_DATA RECORDS:_
◇ ◇ ◇ ◇

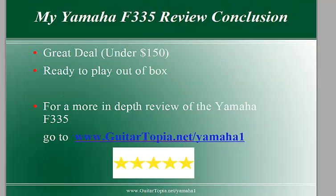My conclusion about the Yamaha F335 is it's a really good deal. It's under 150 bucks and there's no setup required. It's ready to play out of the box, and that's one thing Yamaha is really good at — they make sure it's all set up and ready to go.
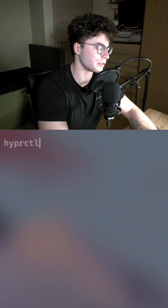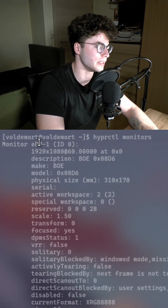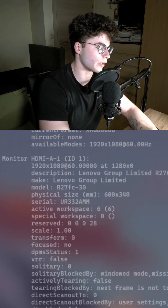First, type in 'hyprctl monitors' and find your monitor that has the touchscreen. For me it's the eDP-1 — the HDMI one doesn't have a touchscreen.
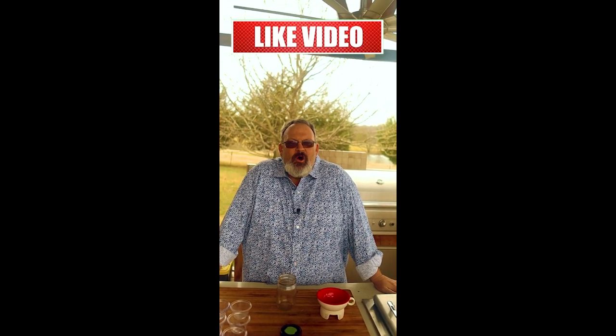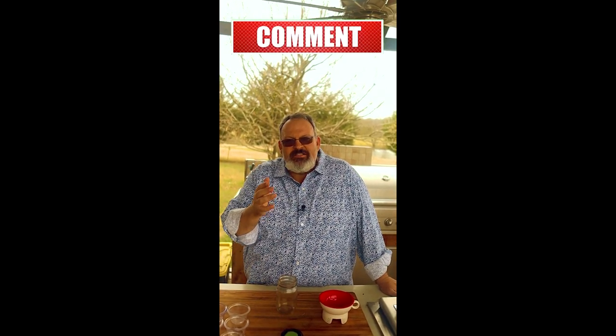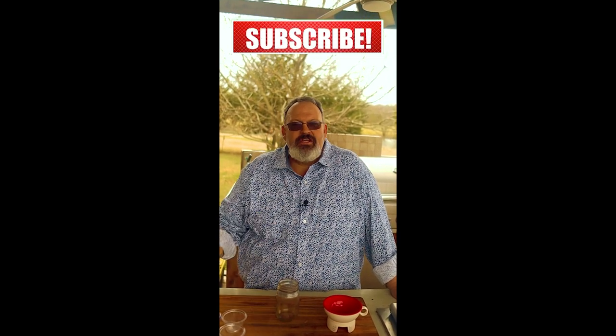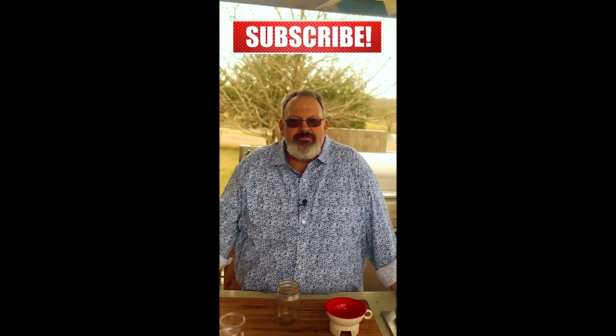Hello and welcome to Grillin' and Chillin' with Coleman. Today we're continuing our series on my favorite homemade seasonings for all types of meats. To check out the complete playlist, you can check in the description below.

◇ ◇ ◇ ◇

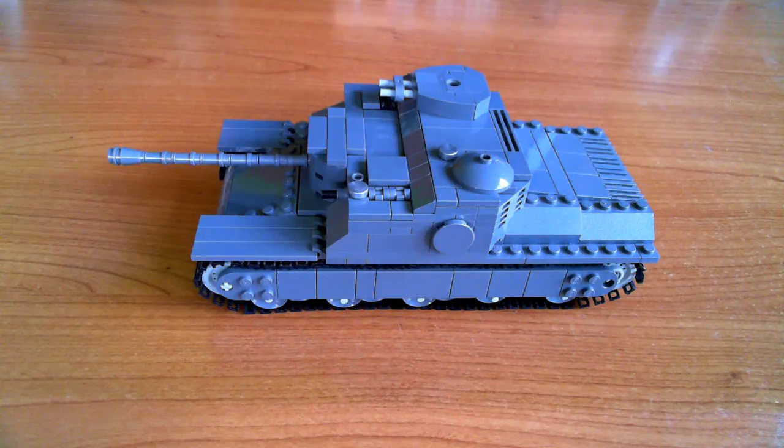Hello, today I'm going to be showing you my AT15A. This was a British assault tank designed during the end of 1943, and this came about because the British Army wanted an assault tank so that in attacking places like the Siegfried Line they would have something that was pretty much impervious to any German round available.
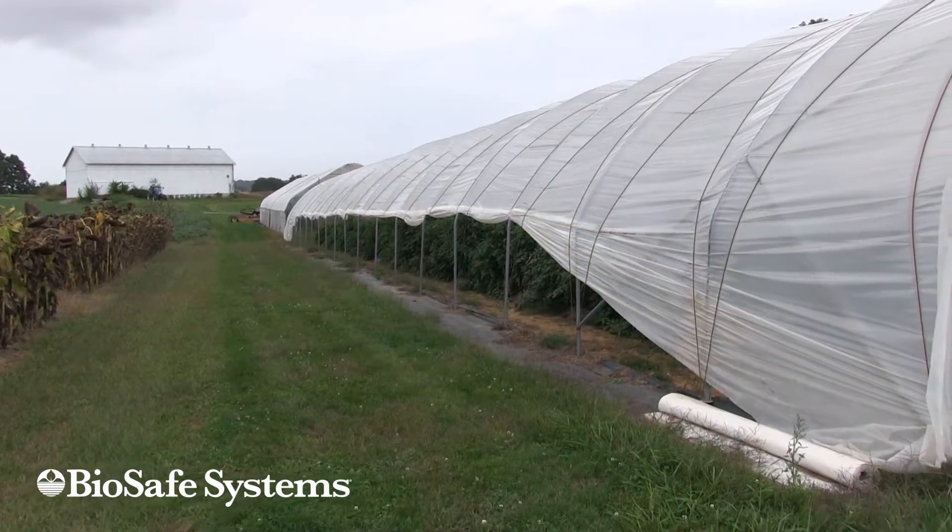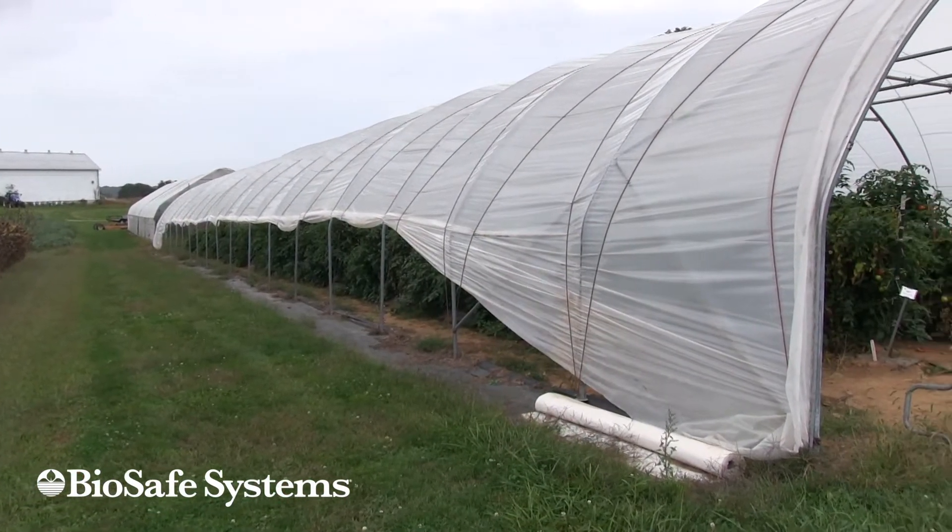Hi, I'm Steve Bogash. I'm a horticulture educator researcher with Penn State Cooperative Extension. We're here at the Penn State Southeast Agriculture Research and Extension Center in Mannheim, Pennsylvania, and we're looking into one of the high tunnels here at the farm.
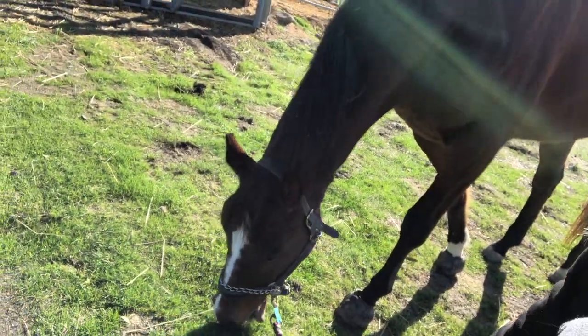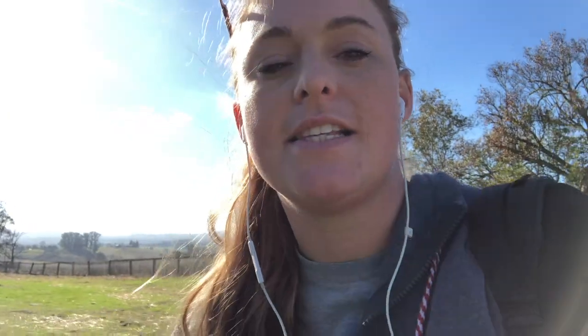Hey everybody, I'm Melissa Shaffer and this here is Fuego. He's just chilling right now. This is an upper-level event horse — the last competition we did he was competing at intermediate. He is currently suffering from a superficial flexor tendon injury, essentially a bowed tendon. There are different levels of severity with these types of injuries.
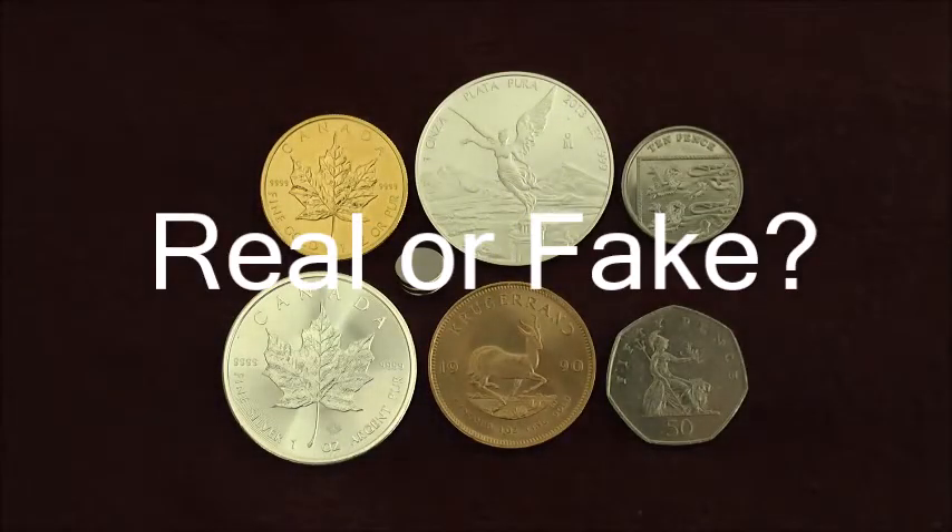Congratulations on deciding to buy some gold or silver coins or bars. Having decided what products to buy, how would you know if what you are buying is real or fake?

◇ ◇ ◇ ◇

_TRY IT:_ Give again, exactly as written above, every line from the one holding "Hi, I'm Steve" to the one holding "Congratulations on deciding", with both ends kept and the pictures left out.

_YOUR RESPONSE:_
Hi, I'm Steve Bogash. I'm a horticulture educator researcher with Penn State Cooperative Extension. We're here at the Penn State Southeast Agriculture Research and Extension Center in Mannheim, Pennsylvania, and we're looking into one of the high tunnels here at the farm.
Hey everybody, I'm Melissa Shaffer and this here is Fuego. He's just chilling right now. This is an upper-level event horse — the last competition we did he was competing at intermediate. He is currently suffering from a superficial flexor tendon injury, essentially a bowed tendon. There are different levels of severity with these types of injuries.
Congratulations on deciding to buy some gold or silver coins or bars. Having decided what products to buy, how would you know if what you are buying is real or fake?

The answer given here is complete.